Having said so much, it simply means that machine learning models may be theoretical science, but in practice, it must be experimental science. Since it is an implementable science, we must abide by a principle: simple first and then complex. Premature optimization is the root of all evil, and mindless optimization is a waste of time. Simple refers to the simplicity of the model. For numerical types, you can start with simple linear regression (if it is in the field of images, you can choose some relatively basic DL models, such as the pre-trained vgg series). In this way, the speed of getting results is definitely better than other messy and complex models. Fast results mean that you can determine a more appropriate test method offline as early as possible, your baseline, quickly verify your other ideas, and then slowly optimize and adjust parameters.

At the end of this section, let’s talk about my thoughts on using deep learning in this competition.

It is generally recognized that the situation that is not suitable for using deep learning is when the amount of data is relatively small, but generally speaking, the amount of data provided by the contestants is very considerable, so the condition of data amount should be met.

The second generally recognized inappropriateness is that the data does not have local correlation characteristics. This means that in fields such as images/natural language, there is local correlation between data. For example, one pixel cannot express enough information, but a bunch of pixels can indicate whether it is a puppy or a kitten. In language, sentences are composed of words, and once the order of these things is disrupted, the overall information expressed is also disrupted. These data with local correlation characteristics can be extracted through a certain network topology, and at the same time, the depth can be used to extract hierarchical features, thereby achieving relatively excellent results. Comparing the difference in the effects of three-layer MLP and CNN in minst handwritten digit recognition can fully illustrate this point. For data that does not have local correlation characteristics, it is impossible to capture its information with a characteristic network topology. In deep learning, only MLP can be used to complete the training of the model, and the effect of MLP is generally weaker than traditional models such as GDBT and RandomForest.

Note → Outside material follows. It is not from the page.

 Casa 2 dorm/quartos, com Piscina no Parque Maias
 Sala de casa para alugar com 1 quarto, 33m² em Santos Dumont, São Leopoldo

Compared with traditional methods, the biggest advantage of deep learning is automatic feature extraction. However, according to the experience shared by other experts, when artificial feature engineering reaches a certain level, traditional models can surpass deep learning. For details, see the video of the yesofcourse team in the Quora similar text matching competition, which includes a comparison between deep learning and traditional machine learning models. In addition, some people pointed out that deep learning can learn very well when the relationship between x and y is a single reasoning. If it is a two-layer or multi-layer reasoning, deep learning is completely at a disadvantage compared to traditional models. However, deep learning combined with knowledge graphs can effectively solve this problem.

(Personally, I guess the reasoning that the expert is talking about here should refer to the logical relationship, such as what you should call your father's mother's second uncle's wife's sister, rather than the mathematical relationship y=f(x))

The actual situation in this competition is more interesting. After basic processing of the data set (filling missing values ​​and removing outliers), without any feature extraction, I stuffed it into xgboost and 3-layer 128-unit MLP respectively. The results of the LB and offline performance of the two models were very close, and the difference was basically 6 to 7 decimal places. But later I manually extracted a few features, and then the difference between the two models began to emerge. There was not much difference offline, but on LB, xgboost made my ranking rise significantly, but MLP made my LB score have a very significant... drop! At first I thought it was overfitting, and later I tried to add dropout and regularization terms, but there was no improvement. I also tried to use autoencoder for feature extraction, and then applied it to the traditional model, but the effect was not satisfactory. Finally, I decided not to use the DL method, but to use the traditional machine learning model + manual feature extraction instead. But before I decided to give up DL, I had wasted too much time trying (because I had blind confidence in DL and always thought that the poor results were due to my own parameter problems). There is no silver bullet, and we must analyze the specific situation. This is also something we should pay attention to in the future.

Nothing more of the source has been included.